May 18, 2024

Mediation EI Enhancer #5:  Talking Less and Listening More 

Emotional intelligence is one of the most underrated and overlooked characteristics of a good mediator.  Negotiations are built on trust and emotional intelligence is the foundation of trust.  Yet so many mediators neglect emotional intelligence.  In this 5-part series, we’ll be exploring ways EI can enhance mediation. 

The fifth “EI Enhancer” in mediation (read #1, read #2, read #3, or read #4) is listening more than talking, which is easier said than heard.   

Seeking to understand, empathizing, and listening to others are all important emotional intelligence tools that are often sidelined at mediations.  How many mediations have you been at where the mediator comes in and basically regurgitates arguments from the other side and dumps on your case and then goes into the other room and presumably does the same thing?  This eat and regurgitate model often goes on for several hours at the beginning of the day.  It might work for baby birds, but this approach leaves most people sick to their stomach and soured towards settlement.  

The best mediators are often the ones who ask a lot of questions, seek to understand, empathize, and then work towards a solution.  Unfortunately, this emotional intelligence skillset can be hard to find.  A mediator is a conciliator—someone who brings parties together and finds the common ground.  This is best achieved through careful questions, validation, and suggested solutions.  

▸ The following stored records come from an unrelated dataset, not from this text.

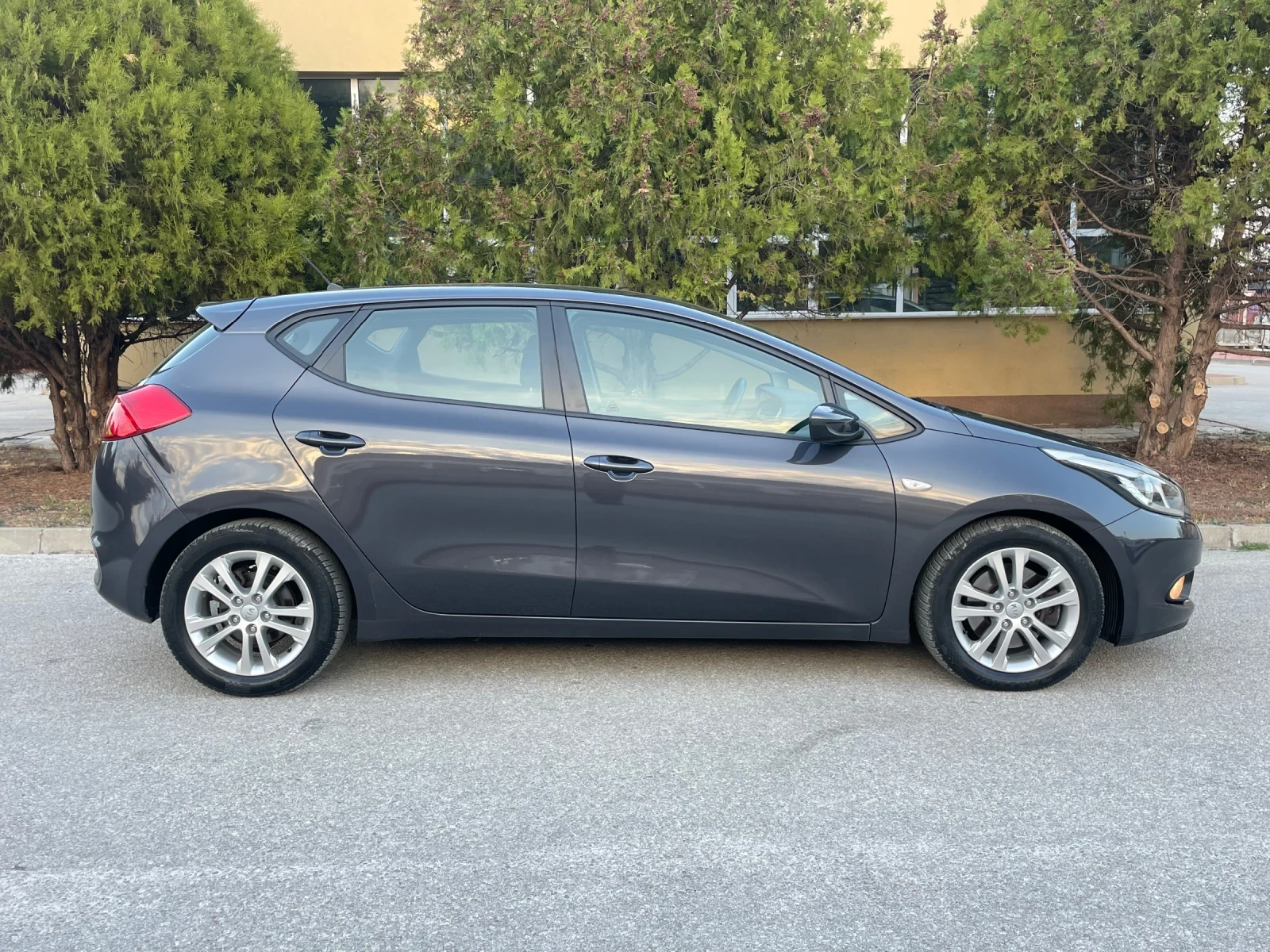 Kia Ceed 1.4CRDI 90 к.с. EURO 5 ГЕРМАНИЯ - изображение 7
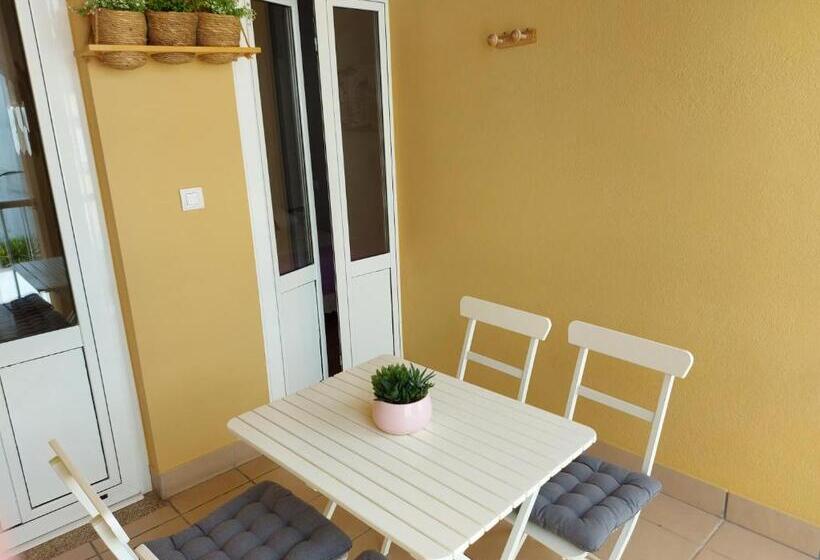 Номер Стандарт, Ultreia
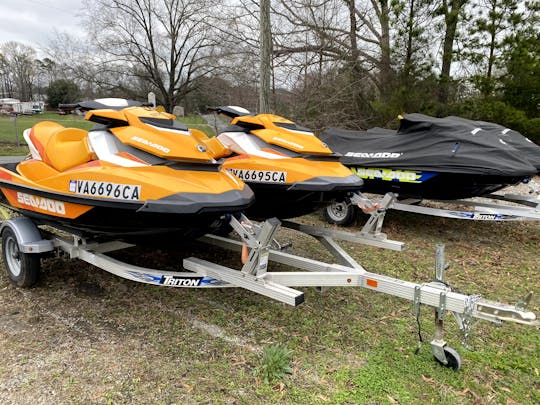 2 Jet skis Seadoo GTI 130 para desfrutar em qualquer lago da Carolina do Norte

A mediator who is advocating for a deal is just an overpriced lawyer.  Parties to a mediation already have a high-priced lawyer who is telling them the strengths and weaknesses of the case and what it is worth.  They don’t need another lawyer with another expensive opinion.  They need a negotiator to help them get a deal done.  Too many mediators spend too much time trying to advocate, persuade, and convince instead of listening, asking questions, and trying to direct the participants towards a settlement solution.